Baker outlines new homeless plan
By AARON SHAROCKMAN
Published January 30, 2007
ST. PETERSBURG — Prodded to resolve the city’s growing homeless problem, Mayor Rick Baker has announced a strategy that combines the resources of government, business and faith-based groups.
The plan, unveiled at a hastily called news conference Tuesday, includes kicking in $150,000 in taxpayer funds for immediate help and planning a new shelter with as many as 200 beds to be open by next winter.
The strategy won’t solve homelessness in the city, Baker said, but it will provide a needed boost to outreach efforts. The message comes as criticism mounts that the city is not doing enough.

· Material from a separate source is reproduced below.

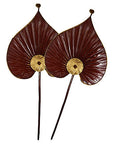 Dark red antique Chinese flags or fans with gold accents and long handles, displayed side by side.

“When you have challenges, you have an opportunity to marshal resources and bring together people,” Baker said, standing in front of representatives from the U.S. Department of Housing and Urban Development, the St. Petersburg Chamber of Commerce and Catholic Charities, among others.
“When you enter a situation when you have difficulties, you take advantage of it.”
The $150,000 transitional assistance would come from the city, Baker said, and will be used to bolster emergency relocation aid to the city’s homeless for the next 90 days.
At the same time, a group led by St. Petersburg College President Carl Kuttler and Progress Energy Florida chief executive Jeff Lyash would begin to scour the county for more permanent shelter space. The shelter would not necessarily be built in St. Petersburg.
As part of Tuesday’s announcement, Baker said former Boeing CEO and city resident Harry Stonecipher has pledged up to $500,000 in matching money to pay for new shelter space. Other funds are expected to come from a combination of public and private entities. Stonecipher, 70, did not return a message left at his St. Petersburg condominium.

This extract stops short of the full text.